What NDLB knew or ought to have known up till 1967 about the dangers of asbestos dust until 1967.
One of the factors to be considered in determining whether a duty of care was owed to the claimants by the NDLB is whether the injuries suffered by the claimants were foreseeable. That must depend on the state of knowledge of dangers to the claimants of working as they did with asbestos until 1967. So it is appropriate now to ascertain what was known about the dangers of asbestos dust .No direct oral evidence was adduced in the present trial about the knowledge of the dangers of asbestos in the 1960s and at my request, counsel helpfully drew my attention to various decisions in which evidence had been given about this and in particular, the claimants’ solicitors produced a transcript of the invaluable but still unreported decision of Tucker J in Walker v Port of London Authority (4 September 1988) in which a successful claim was brought by a dock worker’s widow for damages after her husband had died from the inhalation of asbestos dust. I will now seek to summarise this evidence bearing in mind that the claimants’ case is that they were contaminated by asbestos dust prior to 1967. I gave all counsel opportunities to comment on what was said in the authorities to which I will now refer about the state of knowledge on the connection between, on the one hand, the handling of asbestos and, on the other hand, serious or fatal illnesses suffered by dock workers. Neither counsel submitted that I should not consider this material, although Mr. Harvey made helpful written submissions, which I will take into account. So I will now summarise the evidence.

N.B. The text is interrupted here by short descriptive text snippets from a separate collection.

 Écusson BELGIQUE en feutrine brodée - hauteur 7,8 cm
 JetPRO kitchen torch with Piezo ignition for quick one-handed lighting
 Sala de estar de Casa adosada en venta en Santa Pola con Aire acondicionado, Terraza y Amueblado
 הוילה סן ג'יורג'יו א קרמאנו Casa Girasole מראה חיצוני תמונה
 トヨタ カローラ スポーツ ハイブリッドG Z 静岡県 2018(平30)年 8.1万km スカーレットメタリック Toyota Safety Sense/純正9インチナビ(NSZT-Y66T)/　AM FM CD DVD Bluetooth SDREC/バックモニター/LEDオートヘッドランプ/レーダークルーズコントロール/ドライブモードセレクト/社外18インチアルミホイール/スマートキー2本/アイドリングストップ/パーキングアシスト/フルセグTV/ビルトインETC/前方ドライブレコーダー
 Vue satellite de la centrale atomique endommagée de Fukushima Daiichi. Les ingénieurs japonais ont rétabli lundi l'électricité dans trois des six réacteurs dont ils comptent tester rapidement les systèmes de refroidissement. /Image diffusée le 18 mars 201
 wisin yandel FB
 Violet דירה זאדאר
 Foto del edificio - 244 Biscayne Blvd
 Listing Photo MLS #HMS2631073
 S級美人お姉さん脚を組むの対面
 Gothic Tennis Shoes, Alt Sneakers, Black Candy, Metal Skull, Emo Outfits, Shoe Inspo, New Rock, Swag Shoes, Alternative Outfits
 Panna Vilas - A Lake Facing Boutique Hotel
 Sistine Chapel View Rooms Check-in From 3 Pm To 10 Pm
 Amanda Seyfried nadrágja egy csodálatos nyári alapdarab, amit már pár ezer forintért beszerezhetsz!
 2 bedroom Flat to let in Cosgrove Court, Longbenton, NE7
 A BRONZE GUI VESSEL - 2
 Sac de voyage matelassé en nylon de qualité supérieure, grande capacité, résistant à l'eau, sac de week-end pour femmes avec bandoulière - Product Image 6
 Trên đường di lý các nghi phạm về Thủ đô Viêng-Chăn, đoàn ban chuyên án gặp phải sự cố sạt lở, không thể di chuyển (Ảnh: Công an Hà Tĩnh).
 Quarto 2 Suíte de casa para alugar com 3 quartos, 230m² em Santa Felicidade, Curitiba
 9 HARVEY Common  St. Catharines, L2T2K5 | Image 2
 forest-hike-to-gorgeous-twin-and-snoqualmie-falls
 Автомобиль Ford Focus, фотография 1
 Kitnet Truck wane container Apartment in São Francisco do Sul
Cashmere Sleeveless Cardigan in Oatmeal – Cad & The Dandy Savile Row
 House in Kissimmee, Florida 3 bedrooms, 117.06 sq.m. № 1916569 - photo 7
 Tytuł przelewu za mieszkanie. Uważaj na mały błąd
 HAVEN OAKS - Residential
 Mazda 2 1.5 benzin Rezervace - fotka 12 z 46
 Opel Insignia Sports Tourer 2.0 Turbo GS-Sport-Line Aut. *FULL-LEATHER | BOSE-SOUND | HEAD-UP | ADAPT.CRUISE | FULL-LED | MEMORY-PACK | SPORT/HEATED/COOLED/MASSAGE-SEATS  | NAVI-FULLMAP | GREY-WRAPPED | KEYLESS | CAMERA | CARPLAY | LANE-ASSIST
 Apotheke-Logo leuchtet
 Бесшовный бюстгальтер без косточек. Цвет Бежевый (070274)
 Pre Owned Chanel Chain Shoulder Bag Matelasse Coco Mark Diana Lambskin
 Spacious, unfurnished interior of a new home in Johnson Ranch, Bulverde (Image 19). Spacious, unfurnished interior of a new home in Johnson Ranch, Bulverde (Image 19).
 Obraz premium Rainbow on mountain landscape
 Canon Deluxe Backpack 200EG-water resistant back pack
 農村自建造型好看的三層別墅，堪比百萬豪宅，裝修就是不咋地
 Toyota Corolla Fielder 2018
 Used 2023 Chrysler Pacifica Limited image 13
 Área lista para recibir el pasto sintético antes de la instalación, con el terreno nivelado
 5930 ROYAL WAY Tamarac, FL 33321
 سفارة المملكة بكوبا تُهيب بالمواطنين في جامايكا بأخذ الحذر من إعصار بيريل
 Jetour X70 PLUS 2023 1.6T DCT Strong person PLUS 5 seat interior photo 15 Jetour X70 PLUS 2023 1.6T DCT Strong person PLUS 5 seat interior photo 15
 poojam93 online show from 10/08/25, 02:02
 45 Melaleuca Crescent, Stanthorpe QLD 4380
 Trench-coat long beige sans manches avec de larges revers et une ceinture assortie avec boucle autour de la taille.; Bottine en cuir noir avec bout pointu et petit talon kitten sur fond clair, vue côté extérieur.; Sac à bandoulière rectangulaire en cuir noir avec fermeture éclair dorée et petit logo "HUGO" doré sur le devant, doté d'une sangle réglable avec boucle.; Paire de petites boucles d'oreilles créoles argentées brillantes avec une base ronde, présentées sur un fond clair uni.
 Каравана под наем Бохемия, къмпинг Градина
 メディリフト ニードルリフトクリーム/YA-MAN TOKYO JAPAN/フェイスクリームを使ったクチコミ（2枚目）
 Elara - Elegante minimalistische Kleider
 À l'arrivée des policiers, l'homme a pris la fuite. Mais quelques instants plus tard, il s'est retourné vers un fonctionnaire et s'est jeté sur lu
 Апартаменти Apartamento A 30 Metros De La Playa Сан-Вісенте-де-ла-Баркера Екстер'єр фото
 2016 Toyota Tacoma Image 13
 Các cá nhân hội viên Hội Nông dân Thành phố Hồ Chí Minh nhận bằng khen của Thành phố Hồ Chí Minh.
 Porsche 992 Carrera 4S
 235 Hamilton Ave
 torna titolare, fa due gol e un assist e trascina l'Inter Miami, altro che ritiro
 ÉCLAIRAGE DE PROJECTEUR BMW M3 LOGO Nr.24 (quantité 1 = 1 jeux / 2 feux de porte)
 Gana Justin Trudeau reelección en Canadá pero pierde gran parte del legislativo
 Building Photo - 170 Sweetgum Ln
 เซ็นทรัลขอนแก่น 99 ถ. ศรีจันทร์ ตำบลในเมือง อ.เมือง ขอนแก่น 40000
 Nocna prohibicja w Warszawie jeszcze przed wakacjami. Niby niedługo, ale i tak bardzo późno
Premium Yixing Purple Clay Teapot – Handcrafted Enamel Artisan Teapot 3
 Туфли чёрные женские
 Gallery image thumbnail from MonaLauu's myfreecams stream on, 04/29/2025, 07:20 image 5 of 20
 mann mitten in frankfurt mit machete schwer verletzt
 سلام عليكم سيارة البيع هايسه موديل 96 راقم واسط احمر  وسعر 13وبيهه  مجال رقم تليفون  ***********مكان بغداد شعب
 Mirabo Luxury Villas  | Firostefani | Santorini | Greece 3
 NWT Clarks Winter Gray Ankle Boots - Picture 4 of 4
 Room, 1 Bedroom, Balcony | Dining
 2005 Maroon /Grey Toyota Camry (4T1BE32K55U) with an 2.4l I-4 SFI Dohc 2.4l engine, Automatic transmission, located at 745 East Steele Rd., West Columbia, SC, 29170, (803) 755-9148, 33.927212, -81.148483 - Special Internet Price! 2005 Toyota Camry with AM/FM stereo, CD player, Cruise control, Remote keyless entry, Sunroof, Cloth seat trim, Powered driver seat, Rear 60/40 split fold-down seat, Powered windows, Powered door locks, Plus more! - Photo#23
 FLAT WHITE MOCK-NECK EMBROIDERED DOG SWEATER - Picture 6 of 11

An overview to this issue was given by Lord Bingham of Cornhill in Fairchild v Glenhaven Funeral Services [2003]1 AC 32 when he was summarising the development of knowledge of the risks of asbestos exposure leading to mesothelioma and he stated that:
“6. It has been recognised for very many years, at any rate since the “Report on Effects of Asbestos Dust on the Lungs and Dust Suppression in the Asbestos Industry” by Merewether and Price in 1930 and the making of the Asbestos Industry Regulations 1931(SR &O 1931/1140) that it is injurious to inhale significant quantities of asbestos dust. At first, attention was focused on the risk of contracting asbestosis and other pulmonary diseases” (Page 42) and
“7. From about the 1960s, it became widely known that exposure to asbestos dust and fibres could give rise not only to asbestosis and other pulmonary diseases, but also to the risk of mesothelioma. This is a malignant tumour, usually of the pleura, sometimes of the peritoneum...But the incidence of a tumour among those occupationally exposed to asbestos
dust is about 1,000 times greater than in the general population…” (Page 43).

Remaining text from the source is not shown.